**TASK STATEMENT:** Start to finish, print the entries exactly, and carry none of the pictures over.

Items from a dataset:

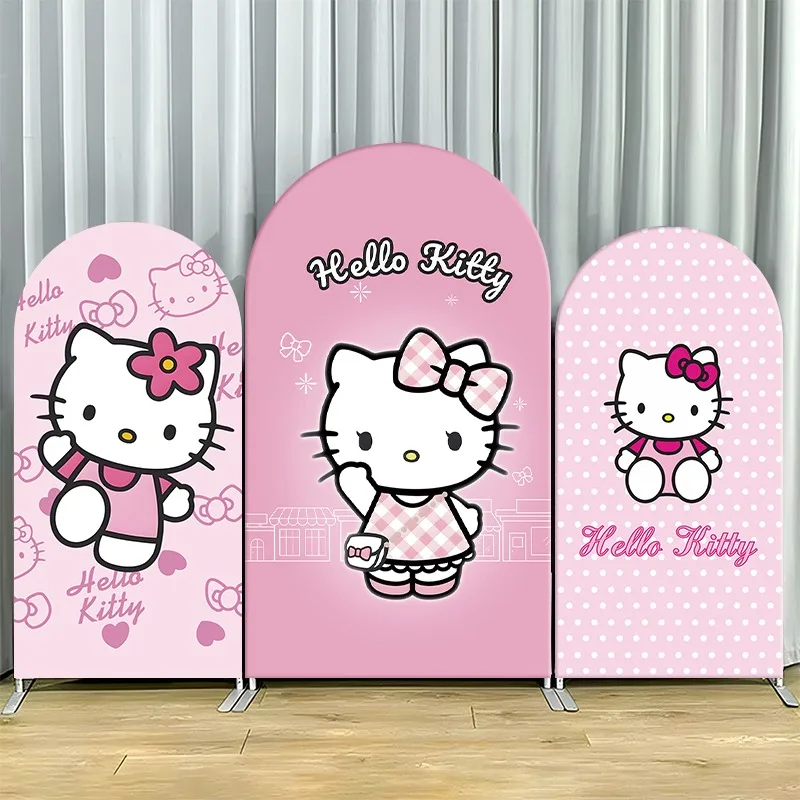 Housse de toile de fond 2D à arche plate, simple couche, en tissu non extensible, motif Hello Kitty rose, ensemble de bannières pour décorations de fête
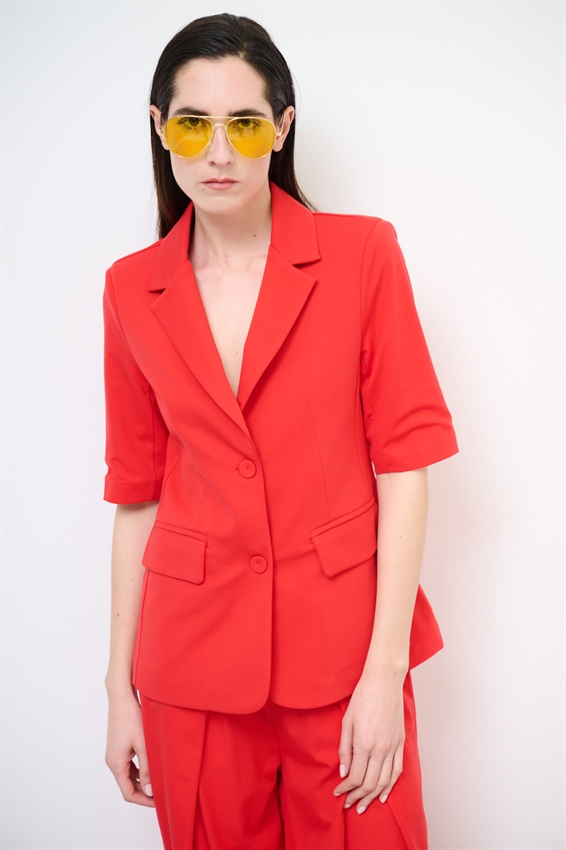 GIACCA MANICA CORTA CON PATTINE ROSSO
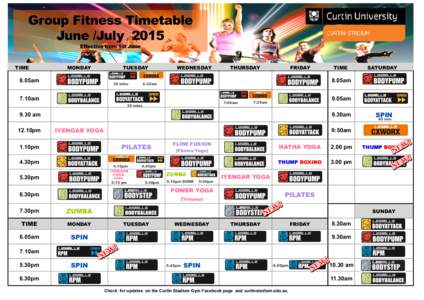 Group Fitness Timetable June /July 2015 Effective from 1st June TIME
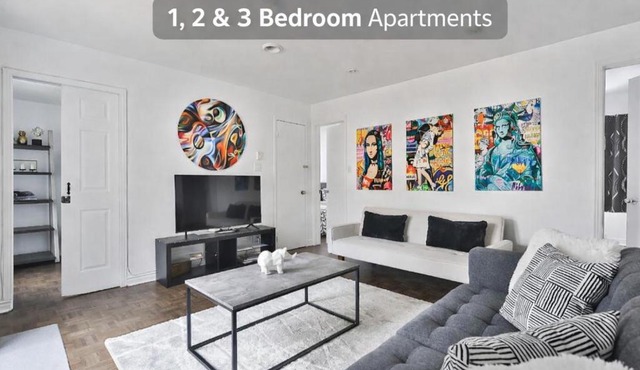 250 METERS to METRO BERRI UQAM - Spacious fully equipped APARTMENTS - 1 FREE PARKING per unit - in-unit Washer & Dryer - fully stocked KITCHEN - WORKSPACE PROVIDED - FAST WIFI - 5 minute walk to the FAMOUS ST CATHERINE & ST DENIS STREET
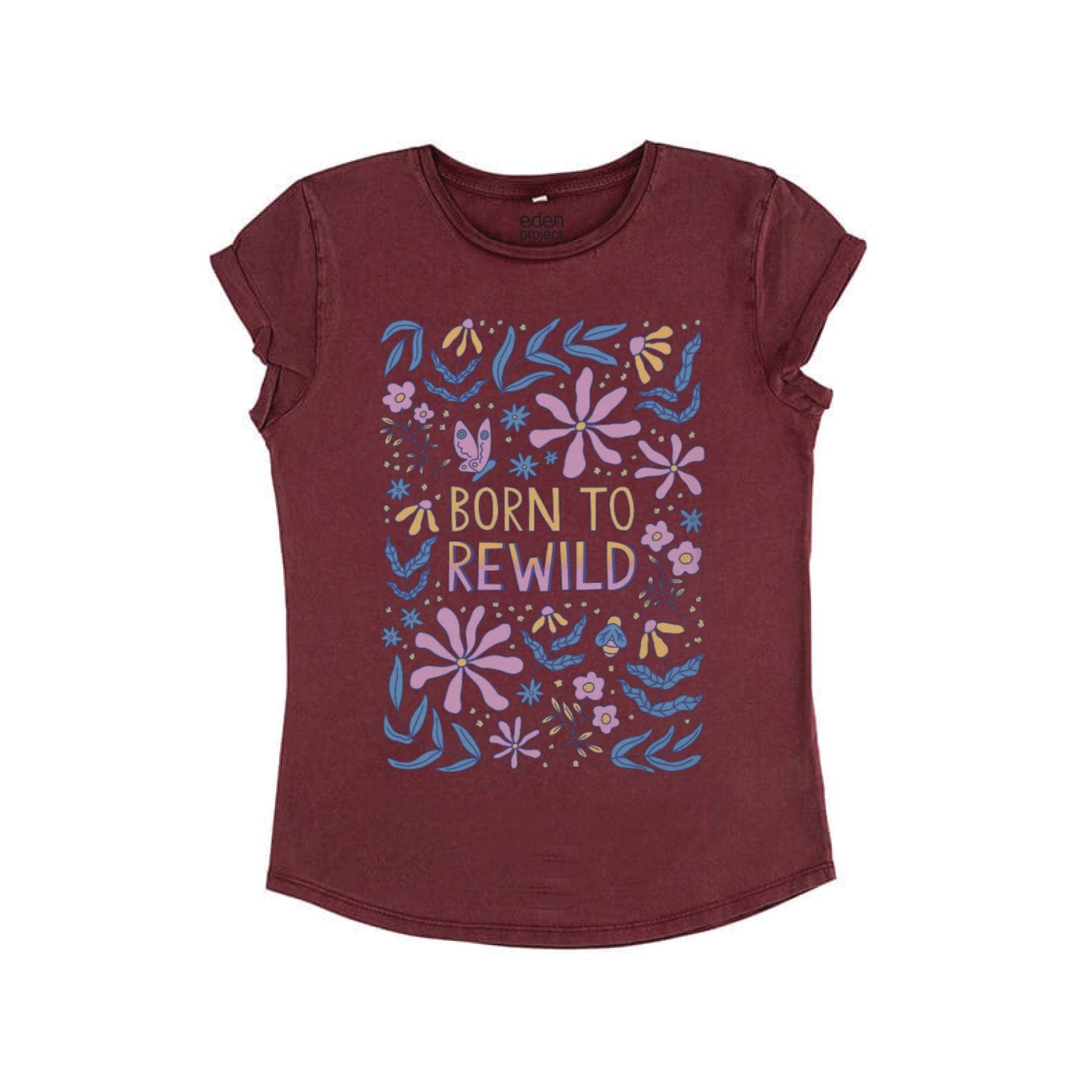 Ladies born to rewild t-shirt berry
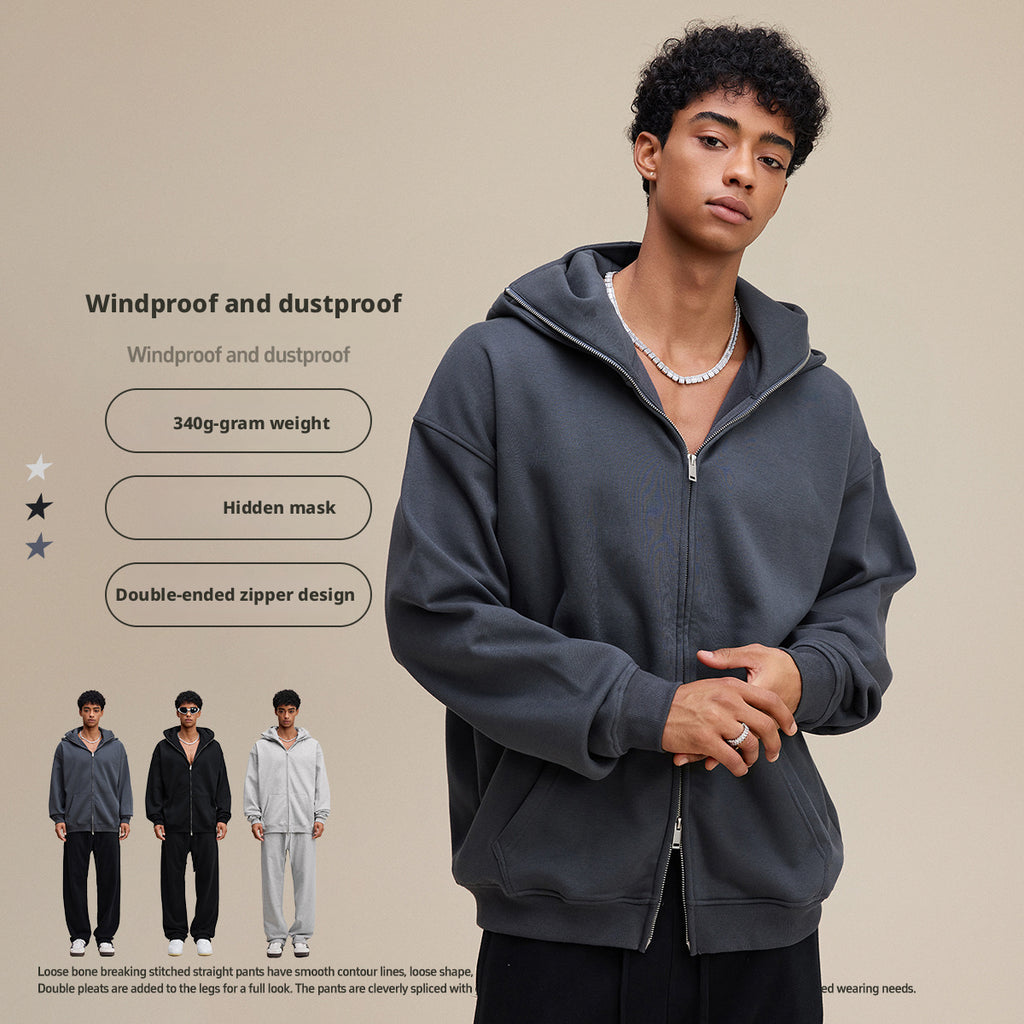 Streetwear style, trendy fleece patchwork hooded sweatshirt, windproof zip-up cardigan jacket for men W25536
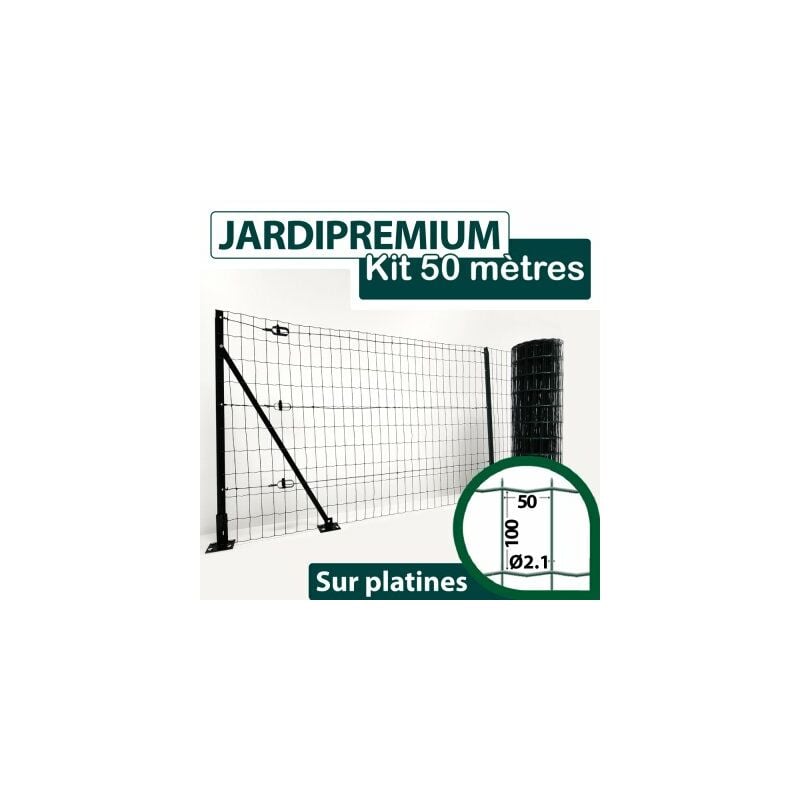 Kit Grillage Soudé sur Platines Vert 50M - jardipremium - Maille 100x50mm - 1,20 mètre - Vert (ral 6005)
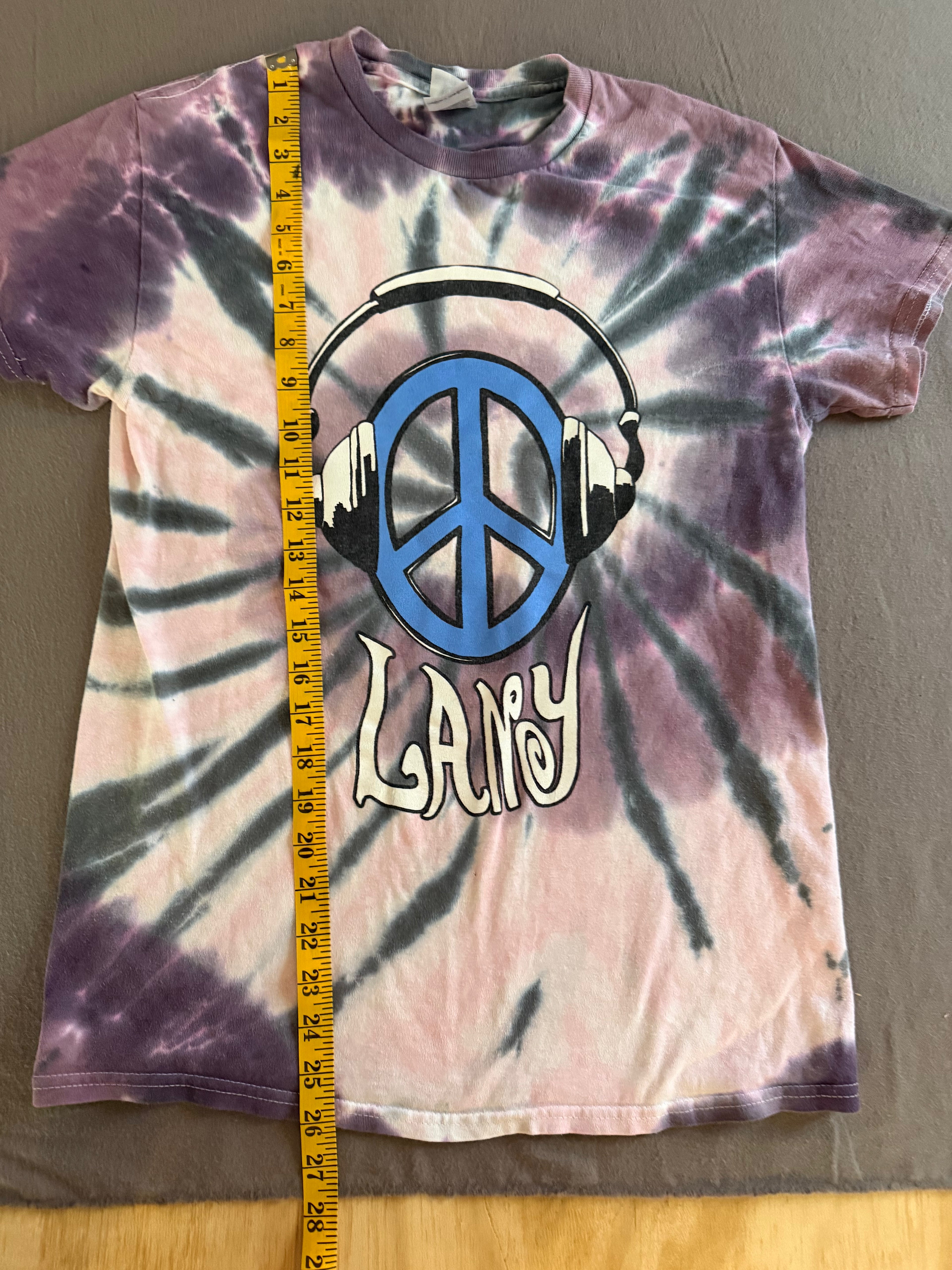 Tie-Dye Peace Sign Headphones Graphic Tee – “You Are Beautiful” – Size Small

**TASK ANSWER:**
 Housse de toile de fond 2D à arche plate, simple couche, en tissu non extensible, motif Hello Kitty rose, ensemble de bannières pour décorations de fête
 GIACCA MANICA CORTA CON PATTINE ROSSO
 Group Fitness Timetable June /July 2015 Effective from 1st June TIME
 250 METERS to METRO BERRI UQAM - Spacious fully equipped APARTMENTS - 1 FREE PARKING per unit - in-unit Washer & Dryer - fully stocked KITCHEN - WORKSPACE PROVIDED - FAST WIFI - 5 minute walk to the FAMOUS ST CATHERINE & ST DENIS STREET
 Ladies born to rewild t-shirt berry
 Streetwear style, trendy fleece patchwork hooded sweatshirt, windproof zip-up cardigan jacket for men W25536
 Kit Grillage Soudé sur Platines Vert 50M - jardipremium - Maille 100x50mm - 1,20 mètre - Vert (ral 6005)
 Tie-Dye Peace Sign Headphones Graphic Tee – “You Are Beautiful” – Size Small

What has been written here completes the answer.